# Exercise requirements:
Leave out the pictures, and retype the remaining data exactly.

# Records for the exercise:
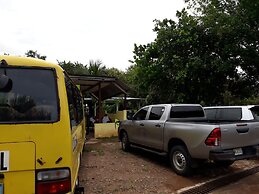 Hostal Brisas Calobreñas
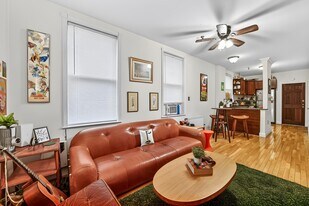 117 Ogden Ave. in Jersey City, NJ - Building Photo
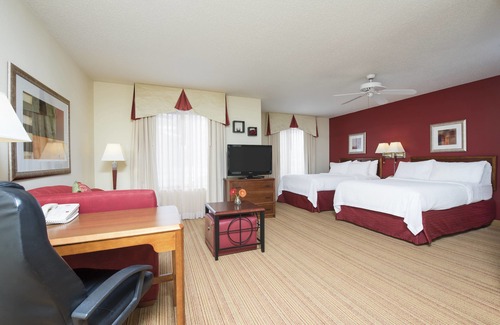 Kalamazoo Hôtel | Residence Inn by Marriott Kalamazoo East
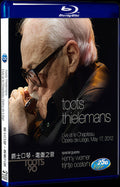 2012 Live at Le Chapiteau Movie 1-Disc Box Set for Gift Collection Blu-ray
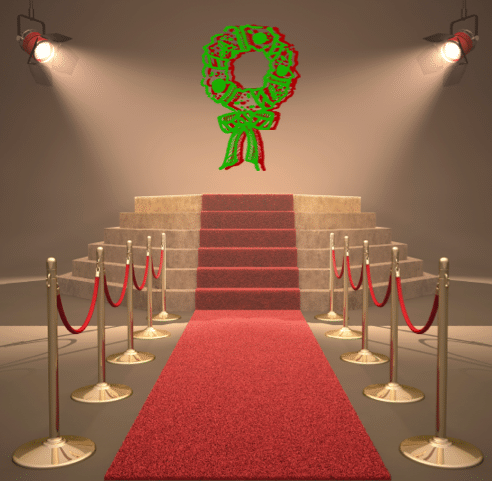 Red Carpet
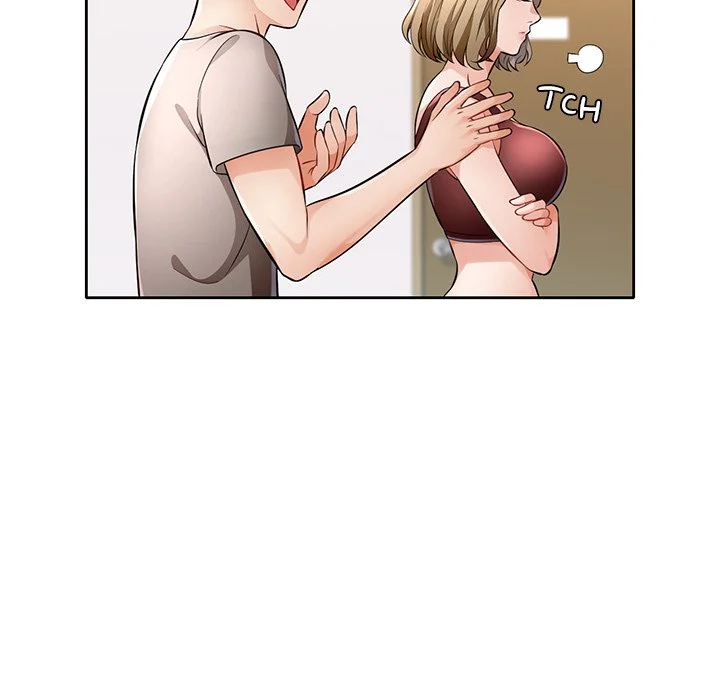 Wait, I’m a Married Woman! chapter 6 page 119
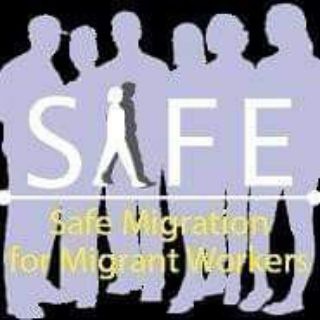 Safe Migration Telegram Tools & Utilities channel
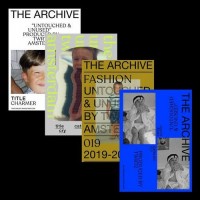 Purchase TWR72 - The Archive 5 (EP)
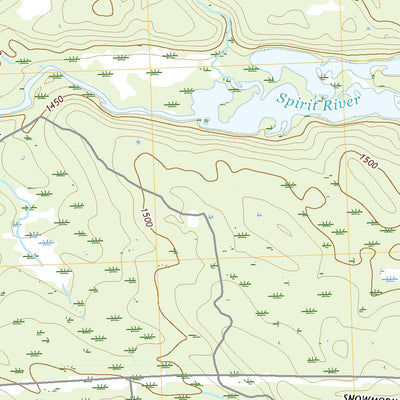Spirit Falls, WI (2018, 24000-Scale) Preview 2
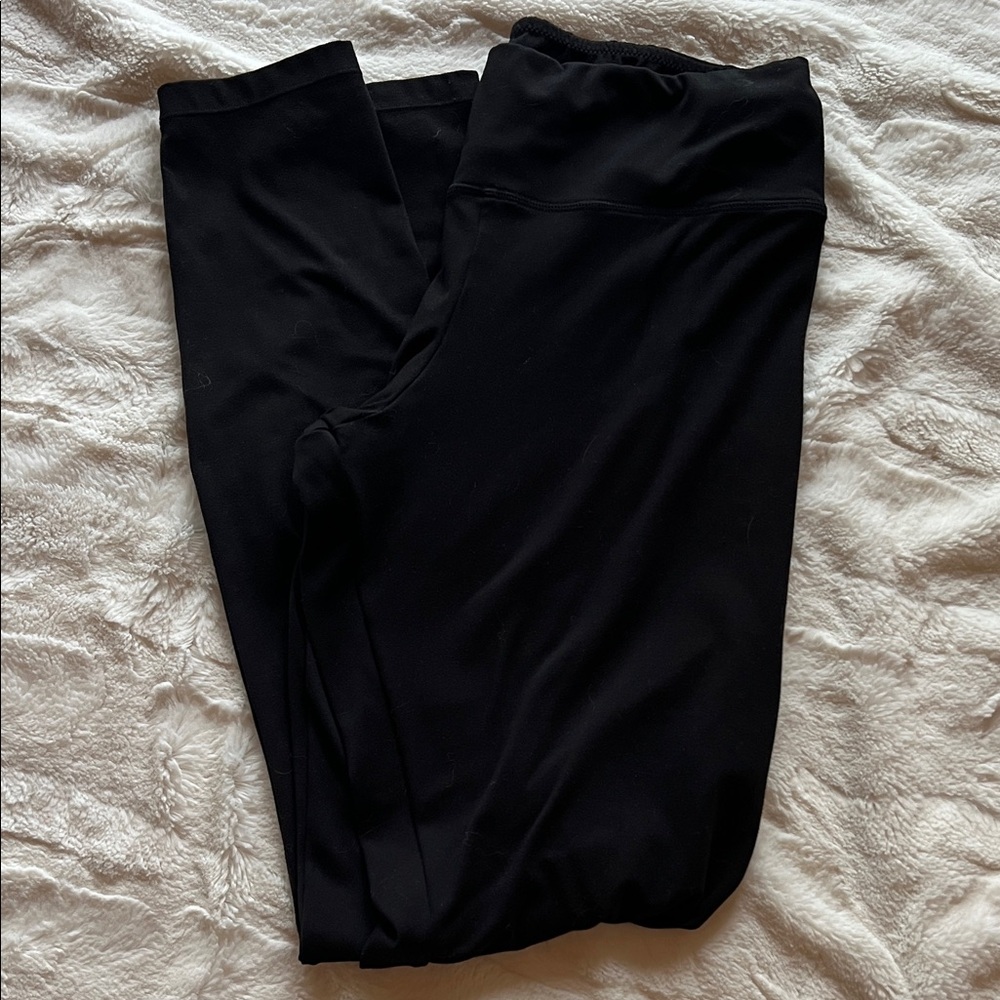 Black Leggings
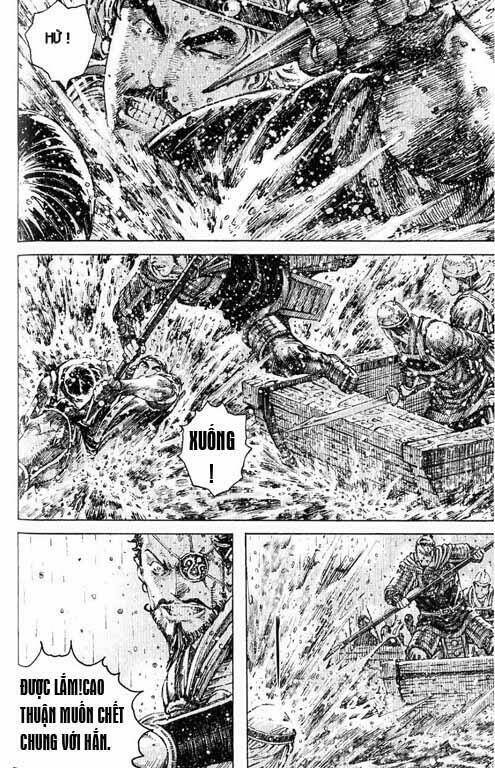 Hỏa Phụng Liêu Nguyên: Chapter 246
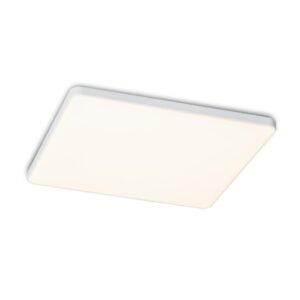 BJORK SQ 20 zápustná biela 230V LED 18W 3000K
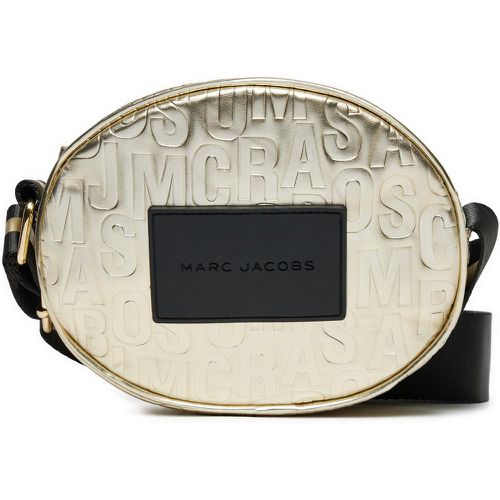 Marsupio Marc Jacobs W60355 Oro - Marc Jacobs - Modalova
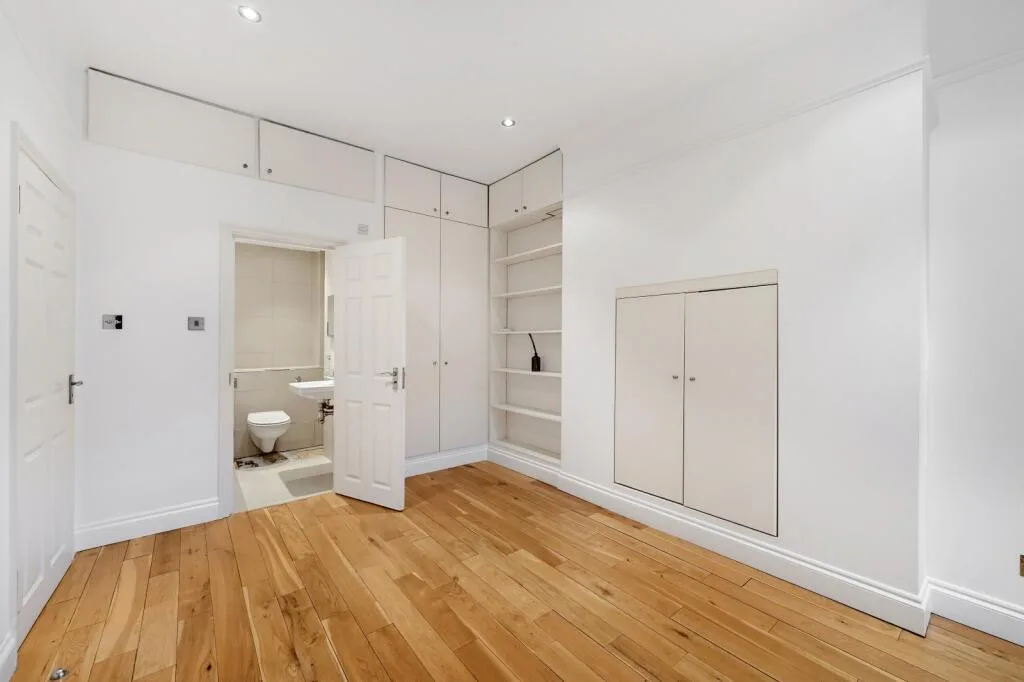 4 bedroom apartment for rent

# Response:
 Hostal Brisas Calobreñas
 117 Ogden Ave. in Jersey City, NJ - Building Photo
 Kalamazoo Hôtel | Residence Inn by Marriott Kalamazoo East
 2012 Live at Le Chapiteau Movie 1-Disc Box Set for Gift Collection Blu-ray
 Red Carpet
 Wait, I’m a Married Woman! chapter 6 page 119
 Safe Migration Telegram Tools & Utilities channel
 Purchase TWR72 - The Archive 5 (EP)
Spirit Falls, WI (2018, 24000-Scale) Preview 2
 Black Leggings
 Hỏa Phụng Liêu Nguyên: Chapter 246
 BJORK SQ 20 zápustná biela 230V LED 18W 3000K
 Marsupio Marc Jacobs W60355 Oro - Marc Jacobs - Modalova
 4 bedroom apartment for rent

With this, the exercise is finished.